I encourage you to follow in what has become  our  first night tradition in Rome which is to watch the sun going down whilst sitting on the Spanish Steps with a glass of something sparkling in hand.




This could be Pellegrino but to be honest you can take a theme too far!! Prosecco for me please!


At the same time you can admire your first decorative fountain – Fontana della Barcaccia or the Boat Fountain at the foot of the Spanish Steps.




 This fountain was the last work of Pietro Bernini, father of the more famous Gianlorenzo Bernini and commemorates the great flood of Christmas Day 1598 when a barge from the Tiber was washed up on the slopes of the Pincio Hill. The design of an old leaking boat is a very clever device that hides the fact that the water pressure from the aqueduct, the Aqua Vergine,  that feeds the fountain, is extremely low – no spectacular cascades  or spurts here.
The fountain will be surrounded by people sitting along it’s edge (as above)  so I have included a picture taken at a less busy time.

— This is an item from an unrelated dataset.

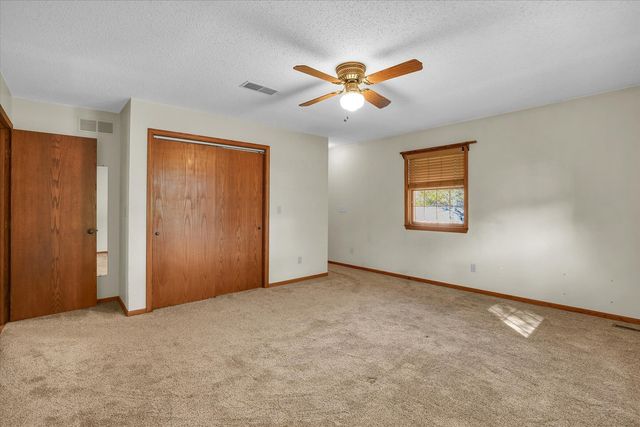 605 Craig Drive, Mahomet, IL 61853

The street directly ahead of you is Via Condotti, a shoppers paradise if you are into designer apparel, but of interest to us as the name reflects the fact that the water channels or conduits of the Aqua Vergine are buried beneath the street.

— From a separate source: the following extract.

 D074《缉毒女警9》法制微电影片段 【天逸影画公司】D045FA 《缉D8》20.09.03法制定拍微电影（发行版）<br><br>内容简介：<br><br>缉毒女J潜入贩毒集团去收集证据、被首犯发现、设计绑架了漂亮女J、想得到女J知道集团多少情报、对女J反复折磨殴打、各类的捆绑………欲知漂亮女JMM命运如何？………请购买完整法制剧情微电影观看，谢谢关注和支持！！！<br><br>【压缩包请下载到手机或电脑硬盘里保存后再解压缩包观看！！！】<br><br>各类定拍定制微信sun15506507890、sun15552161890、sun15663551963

By now you will be ready for dinner. If you have invested in Elizabeth Minchilli’s excellent ‘Eat Rome’ app you will have no problem in finding a good place for dinner. My personal recommendation in this area is Otello alla Concordia on Via della Croce. Yes, it may be full of tourists but it has a fantastic atmosphere in lovely surroundings, friendly waiters & typical Roman cuisine. What more could you want for a first night in Rome.

After dinner it is a short walk to the Trevi fountain which you simply have to see illuminated at night. We shall return to this area to explore in more depth later but for now why not make your way to the famous San Crispino Gelateria,Via della  Panetteria  & indulge in one of their many wonderful flavours  . My favourite is their namesake ‘San Crispino’ which is made with a bitter Sardinian honey. Mmmm – enjoy!



Day 1
We have to start our morning with coffee. Now you can either go the ‘Eat, Pray, Love’ route & visit Tazzo D’Oro for an espresso fix (the best espresso in Rome??) & then enjoy the Pantheon & its Jacobo della Porta fountain in the piazza.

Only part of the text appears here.